Solve $$\frac{1}{x}+\frac{1}{y}=\frac{1}{2}+\frac{1}{z},$$ where $x, y, z$ are positive integers.
So far I have:
If $x=y=z \Rightarrow(x, y, z) = (2, 2, 2)$.
If $x=z \Rightarrow (x, y, z) = (k, 2, k)$, where $k$ is natural.
If $y=z \Rightarrow (x, y, z) = (2, k, k)$, where $k$ is natural.
If $x=y \Rightarrow (x-4)(z+2) = -8 \Rightarrow x = 1, 2,3$. The first two cases yield already known solutions. The third yields $(x, y, z) = (3, 3, 6)$.
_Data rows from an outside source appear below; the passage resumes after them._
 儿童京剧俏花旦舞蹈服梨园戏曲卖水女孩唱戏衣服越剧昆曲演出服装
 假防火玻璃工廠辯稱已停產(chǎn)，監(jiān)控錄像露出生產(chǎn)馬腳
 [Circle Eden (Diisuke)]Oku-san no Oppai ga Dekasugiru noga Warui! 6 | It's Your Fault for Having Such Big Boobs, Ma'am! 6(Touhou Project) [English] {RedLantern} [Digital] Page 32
Now I tried to look at the case where $a \ne b \ne c$ and try to establish some bounds (e.g. $z > x, y$) but this has not yielded anything useful.
By symmetry, we assume $x\leq y$ throughout this discussion.
Cases:
If $x=1$, then the equation simplifies to $\frac{1}{2}+\frac{1}{y}=\frac{1}{z}$. Then $z=1$ since otherwise the LHS is larger than the RHS. When $z=1$, we have $y=2$.
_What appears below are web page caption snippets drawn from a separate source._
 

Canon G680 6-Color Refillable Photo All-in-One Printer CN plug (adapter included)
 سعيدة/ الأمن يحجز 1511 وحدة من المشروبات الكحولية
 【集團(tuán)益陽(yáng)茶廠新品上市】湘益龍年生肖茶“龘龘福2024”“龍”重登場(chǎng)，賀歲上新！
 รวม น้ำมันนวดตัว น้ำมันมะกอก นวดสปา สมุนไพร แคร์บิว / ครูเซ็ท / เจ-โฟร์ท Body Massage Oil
If $x=2$, then the equation simplifies to $\frac{1}{y}=\frac{1}{z}$, which can be solved for any $y$ and $z$.
If $x=3$, then we have $3\leq y<5$ as possible left-hand-sides (each of which can be checked).
If $x=4$, then $y\geq 4$ and the LHS is less than the RHS and there are no solutions.